RUF035 (unsafe-markup-use) can be noisy and would benefit from a whitelist

ThiefMaster commented 11 hours ago

There are a few cases where it does not really make sense to get the warning, since it's pretty clearly intentional to avoid escaping, but adding noqa comments in every place where it's used would be very noisy/verbose:

Markup(render_template(...))
Markup(_('Have a look at <strong>this</strong> translated string!'))
msg = _('Have a look at <strong>this</strong>!'); Markup(msg)

So ideally I'd like to have a setting where I can add function names (ideally as import strings, but just names would also be OK most of the time) to be considered safe to have their return value passed to Markdown - either directly or via a variable assignment.

In the above case, I'd expect all 3 warnings to disappear by whitelisting render_template and _.

MichaReiser commented 11 hours ago

@Daverball what are your thoughts on this. I remember that you intentionally decided not to exclude gettext.

Daverball commented 11 hours ago

Generally my recommendation in these cases it to encapsulate the behavior that looks unsafe into a new function and use that instead of the original one, that way you only have to ignore errors in those few helper functions.

i.e. define a render_template_markup and translated_markup (you can configure i18n tooling to pick up additional function names for picking up i18n strings automatically) for those two cases and use those where appropriate.
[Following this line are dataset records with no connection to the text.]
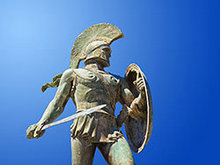 古希腊战士雕塑高清图片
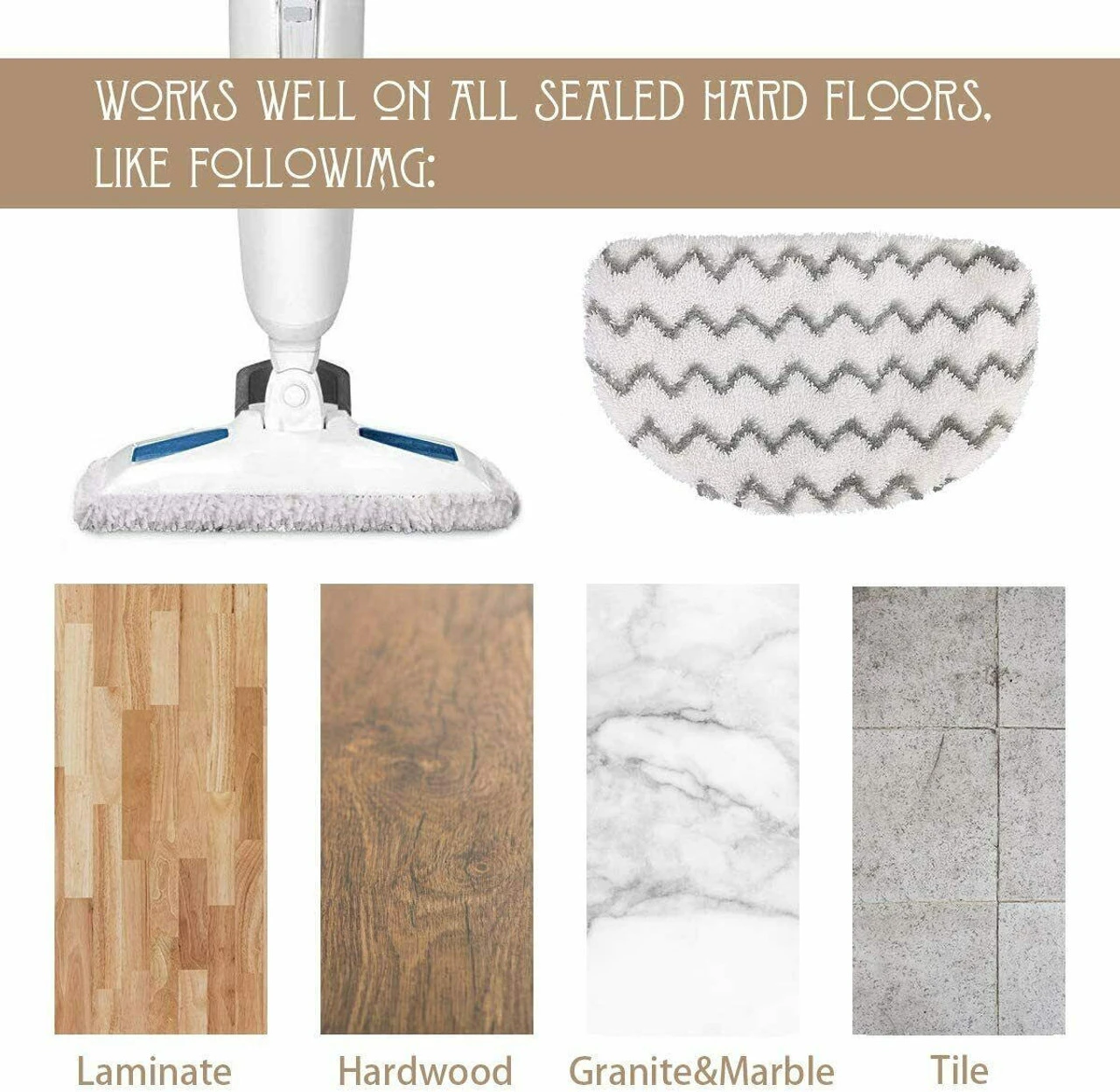 4 Pk Steam Mop Replacement Pad For Bissell Powerfresh 1940 1806 1544 1440 2075A 7 4 Pk Steam Mop Replacement Pad For Bissell Powerfresh 1940 1806 1544 1440 2075A - Image 5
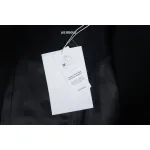 WE11 DONE 24FW G-Dragon Same Style Wool Collarless Suit Black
I think that's also good documentation.

Allowing gettext and other translation functions to pass through unchecked still has some risk, since the translations themselves could be compromised and that's a lot harder to spot than a compromised string literal. So I would try to avoid including markup in translation strings. That being said, I realize it can be inconvenient to split translations into chunks just for the sake of safety, so I have included markup in translations myself in some occasions.

In either case we could perhaps add an additional setting to define a number of functions that are considered safe to be wrapped in Markup, things like sanitization functions and template rendering functions come to mind. But I still think it's generally better to define wrapper functions, since then you don't always have to manually wrap the result. It's also less likely that you will forget to wrap the result this way.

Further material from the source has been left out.